Your assignment>
Each line in the material below, starting at the one with "FRP cartoon girl figurine" and ending at the one with "Sitting Spiritually garden swing - square3", is to be reproduced exactly; no picture is to be copied.

Exercise inputs>
————————

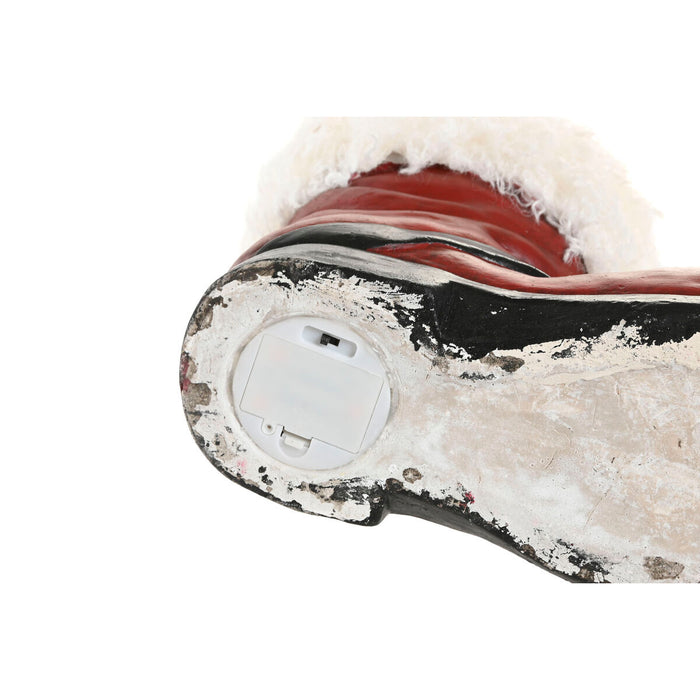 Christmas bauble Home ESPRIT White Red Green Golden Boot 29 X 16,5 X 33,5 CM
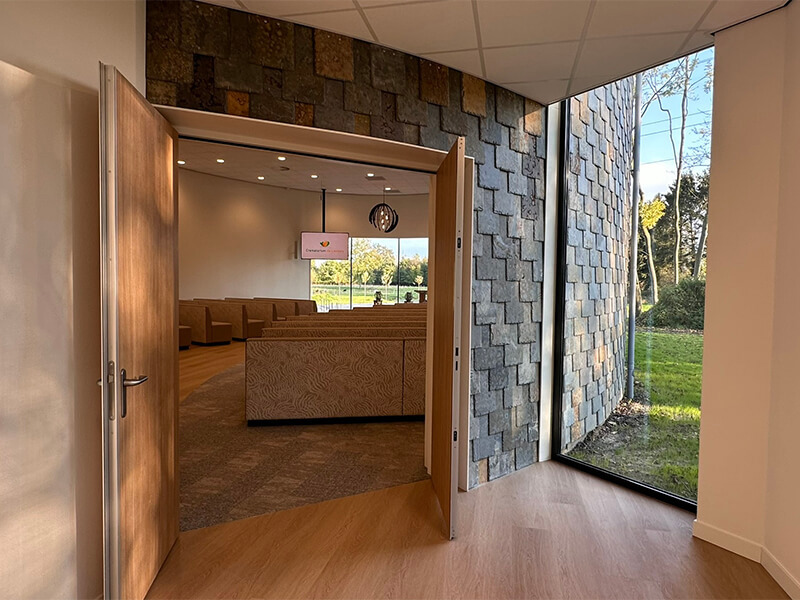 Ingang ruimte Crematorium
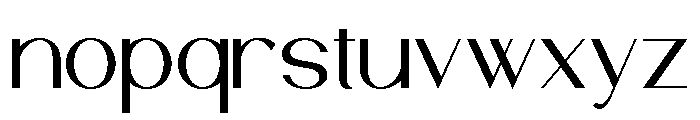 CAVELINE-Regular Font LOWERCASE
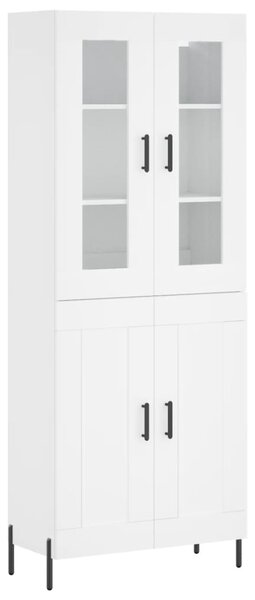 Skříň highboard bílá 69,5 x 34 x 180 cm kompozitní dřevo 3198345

————————

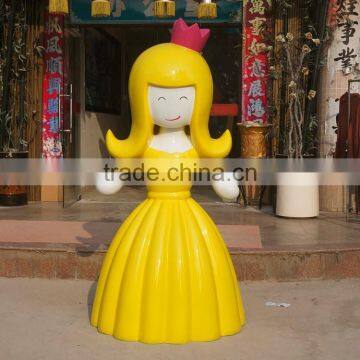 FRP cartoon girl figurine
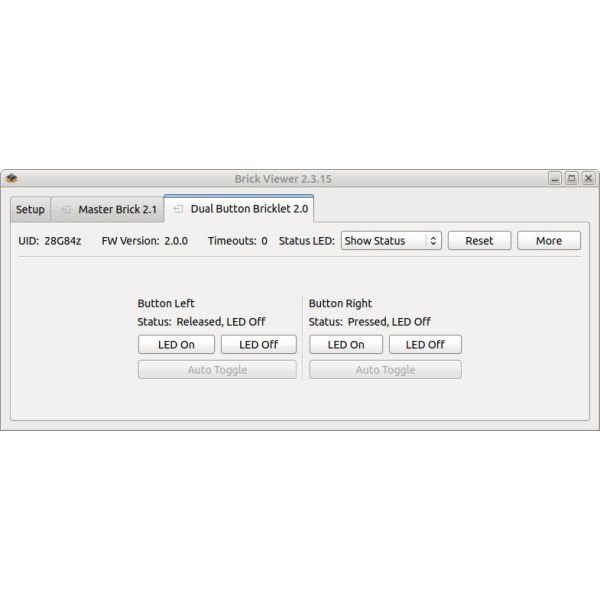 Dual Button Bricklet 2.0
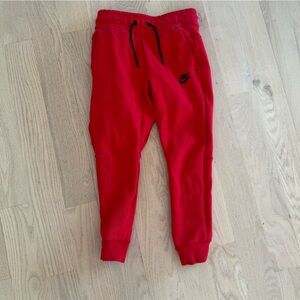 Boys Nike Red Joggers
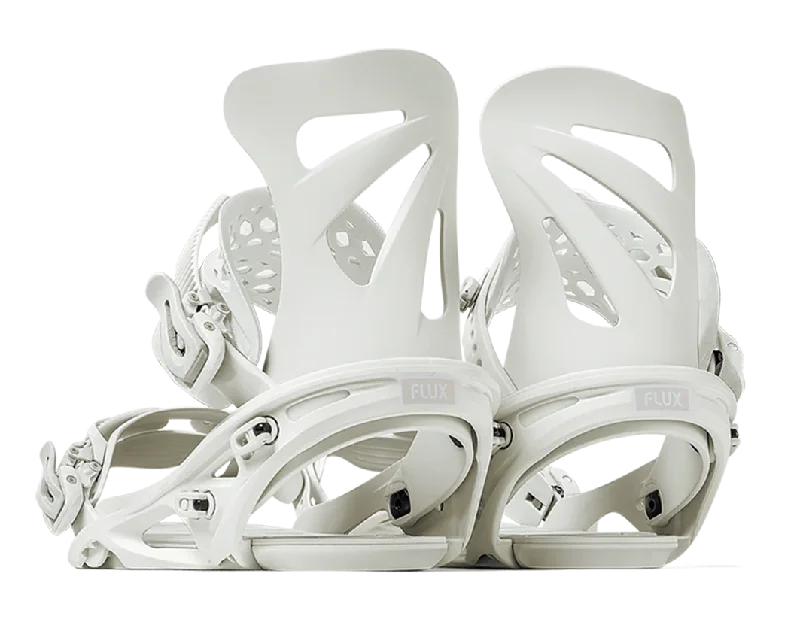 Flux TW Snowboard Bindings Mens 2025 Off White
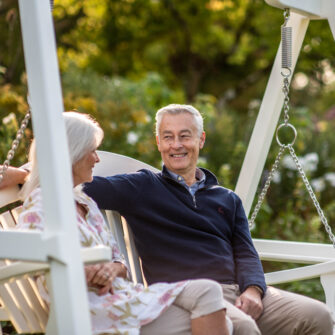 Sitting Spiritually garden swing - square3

————————

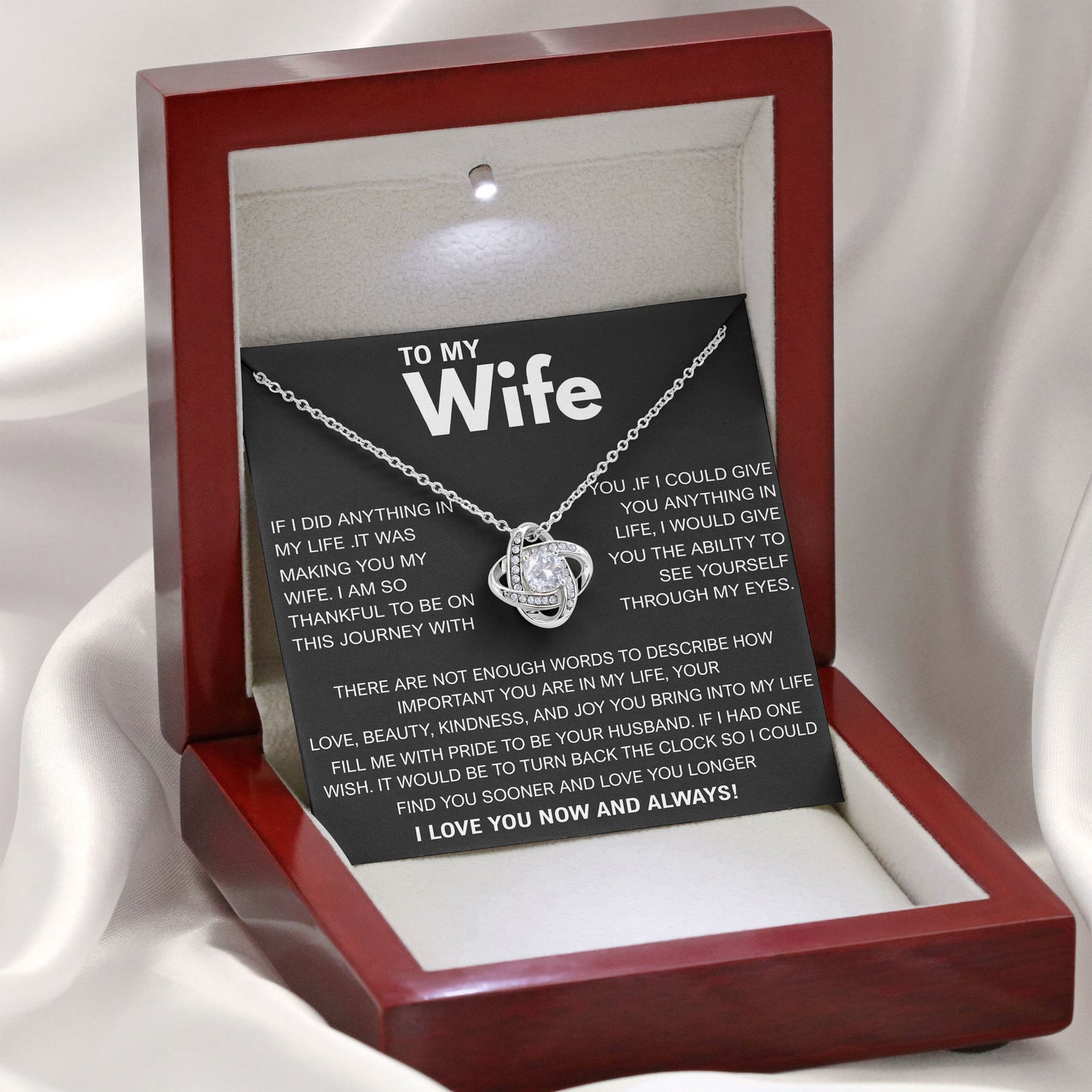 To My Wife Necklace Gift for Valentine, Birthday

————————

Result>
 FRP cartoon girl figurine
 Dual Button Bricklet 2.0
 Boys Nike Red Joggers
 Flux TW Snowboard Bindings Mens 2025 Off White
 Sitting Spiritually garden swing - square3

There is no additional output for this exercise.